Postby Le Baron » Thu May 13, 2021 2:03 am

I don't much bother logging actual language learning. It feels to me like going on holiday and spending all the time taking photos or filming, instead of looking and experiencing. I find that hard to do, I'd rather put all the effort into actual learning.

Logging what I read may be useful though. Even if just for myself as a record. A mix of novels and non-fiction, maybe a few instruction manuals for obsolete equipment (I'm joking), largely in languages I can actually read at a functional level and some dabblings in languages I'm actively learning.

Mostly I read for sheer pleasure and reading bandes dessinées is something I find both pleasurable and useful in one go. I recall that I got functional in Dutch while reading strip books. It may have been correlation more than causation, but I'm convinced it added to the understanding because of the direct visual cues, the natural dialogue with high-frequency use of common formulations.

They were strips like the eccentric Nero, Kiekeboe, Franka, Claire and Sjors en Sjimmie. Earlier than that in French Tintin, Iznogoud, Michel Vaillant, Blake & Mortimer and a favourite Victor Sackville. It was pleasant, later on, to be able to then read many of those same Franco-Begian comics in Dutch, already knowing the characters, but with them speaking a different language. So yes I still read comics as a way into a language.

However the last 4-5 months have been regular books. Sometimes I don't differentiate between translated literature so long as it is in the target language:

Dutch: Het Gevaar (Jos Vandeloo). Mieke Maaike's Obscene Jeugd (Louis Paul Boon) which is frankly quite pornographic in a literary way. A novel recently published by a friend of mine called Autobiografie Van Een Fictie. It has a very novel plot. He's still waiting for my views on it. Lastly De Postbode Belt Altijd Tweemaal which is of course the famous American novel by James M Cain.

French: Some adventure type thing called Vigilex: ou le secret de M. Philbert. Fast cars, stolen jewellery. Obscure thing which I found in a 2nd-hand shop.
A couple of months ago I went through Le vieux nègre et la médaille by Ferdinand Oyo. You may know he was more politician than writer despite producing a few books which have stood the test of time. He was a Camaroon diplomat, culture secretary; acting president of the UN security council and UNICEF Chairman. The book is a good read, though I was tripped-up by unfamiliar words and constructions. I'd probably have to read it again to fully appreciate it.
A few days ago I started Knock (Jules Romain, 1923). I'm not far into it. It's a real source of words I either didn't know or had long forgotten.

German: Wo Warst Du, Adam? (Heinrich Boll - anti war novel). Good book. I need to read it again though because I was looking things up and getting sidetracked. A very slim volume, but with the most densely-printed pages with tiny letters! I started Süskind's Das Parfum, but my head wasn't in it so I abandoned it. I'll pick that up again sometime.
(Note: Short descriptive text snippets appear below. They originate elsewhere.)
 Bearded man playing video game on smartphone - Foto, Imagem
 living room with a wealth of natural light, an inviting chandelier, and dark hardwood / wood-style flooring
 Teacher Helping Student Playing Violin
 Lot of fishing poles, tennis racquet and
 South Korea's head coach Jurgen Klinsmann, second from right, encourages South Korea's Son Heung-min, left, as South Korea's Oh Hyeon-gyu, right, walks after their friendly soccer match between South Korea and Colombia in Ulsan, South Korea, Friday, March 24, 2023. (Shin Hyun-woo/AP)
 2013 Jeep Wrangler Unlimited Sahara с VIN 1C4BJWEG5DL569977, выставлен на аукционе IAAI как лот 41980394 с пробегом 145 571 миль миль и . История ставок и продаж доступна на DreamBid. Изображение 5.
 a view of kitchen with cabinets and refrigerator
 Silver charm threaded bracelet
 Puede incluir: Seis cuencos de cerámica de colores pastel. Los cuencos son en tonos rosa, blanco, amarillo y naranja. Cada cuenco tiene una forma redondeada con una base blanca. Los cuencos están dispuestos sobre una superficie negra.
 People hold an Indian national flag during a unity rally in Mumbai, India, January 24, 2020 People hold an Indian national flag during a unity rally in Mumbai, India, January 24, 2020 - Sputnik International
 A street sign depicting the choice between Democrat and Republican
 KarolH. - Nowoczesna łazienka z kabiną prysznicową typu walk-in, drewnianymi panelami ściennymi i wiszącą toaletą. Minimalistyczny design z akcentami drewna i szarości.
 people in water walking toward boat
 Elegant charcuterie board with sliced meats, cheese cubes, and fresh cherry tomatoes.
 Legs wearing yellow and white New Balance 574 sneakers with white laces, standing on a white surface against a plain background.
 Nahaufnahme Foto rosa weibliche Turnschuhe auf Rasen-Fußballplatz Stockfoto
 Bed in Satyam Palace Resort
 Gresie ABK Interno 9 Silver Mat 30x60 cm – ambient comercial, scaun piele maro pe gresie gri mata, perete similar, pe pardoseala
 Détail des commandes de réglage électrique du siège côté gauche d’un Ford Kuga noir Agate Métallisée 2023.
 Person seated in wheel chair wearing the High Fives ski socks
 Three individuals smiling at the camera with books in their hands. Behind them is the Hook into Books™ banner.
Lesser languages I'm still learning: Spanish I got a bit too adventurous and read through (with a little difficulty, but I urged myself on) a B1+ 'Easy Reader' of El Carnaval by Francisco García Pavón. I did okay. Let's say it "needs work".

I also have a Swahili reader I've been going through. This is really easy stuff for beginners and I'm trying to read it regularly...alas.I have more work to do

I have a tendency to squander some free time watching foreign-language films rather than reading.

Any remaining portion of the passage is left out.